Assistant Attorney General for National Security John Eisenberg warned that these domain seizures show how foreign actors use promises of easy money to lure Americans into revealing sensitive or classified information they're duty-bound to protect. By seizing the domains and exposing the tactics, he said, the DOJ is working to protect national security and help the public recognize these threats.

US Attorney Jeanine Ferris Pirro added that the Chinese government has long tried to exploit US government employees through fake companies and phony job postings — and that these seizures shut that down and prevent the sites from being used against Americans with sensitive access.

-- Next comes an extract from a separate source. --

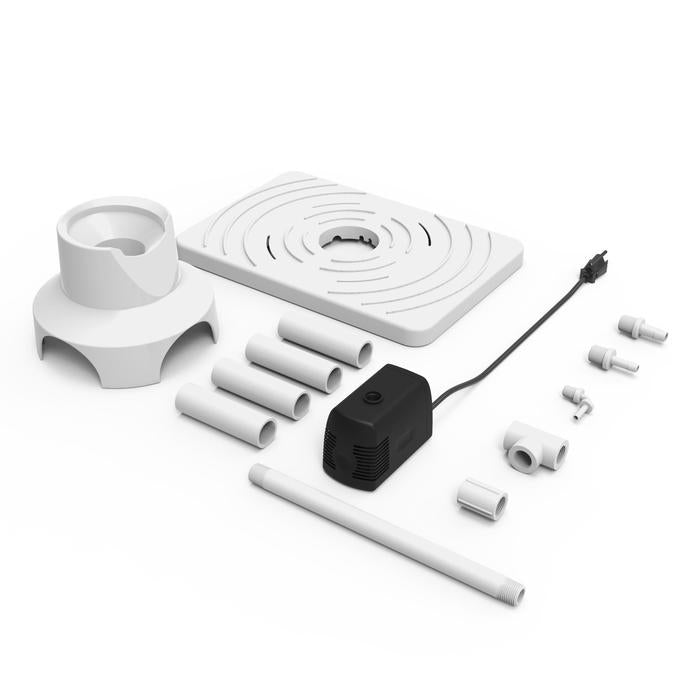 Diverse hvite og svarte plastkomponenter, rør og en pumpe med ledning fra FastBrewing FastWasher Rack - Vask av fett og gjæringskar er plassert på en slett flate, sannsynligvis for rengjøring og desinfeksjon.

Three red flags the FBI says should trigger immediate reporting:

• A job offering unusually high pay for vague "research" or "consulting" work

• Payment offered in cryptocurrency or through an unverifiable online account

• A recruiter who quickly escalates to asking for internal reports or non-public documents

Anyone approached with a suspicious offer matching this pattern is urged to report it.

Conclusion

The FBI seizure crypto case confirms a new espionage playbook: AI deepfakes build the fake firms, job platforms deliver the targets, and crypto payments make the money untraceable. Thirteen domains are down and the DOJ has the affidavit — but the tactics cost almost nothing to replicate. This won't be the last case.

YMYL Disclaimer

This article is for informational and educational purposes only. All details regarding the seizure are sourced from the official U.S. Department of Justice press releases dated June 10, 2026. The conspirators denied involvement by any foreign government per court documents. This article does not accuse any specific individual and reports only what is documented in public DOJ affidavits and official statements. Anyone with information relevant to foreign intelligence recruitment activities should report to tips.fbi.gov.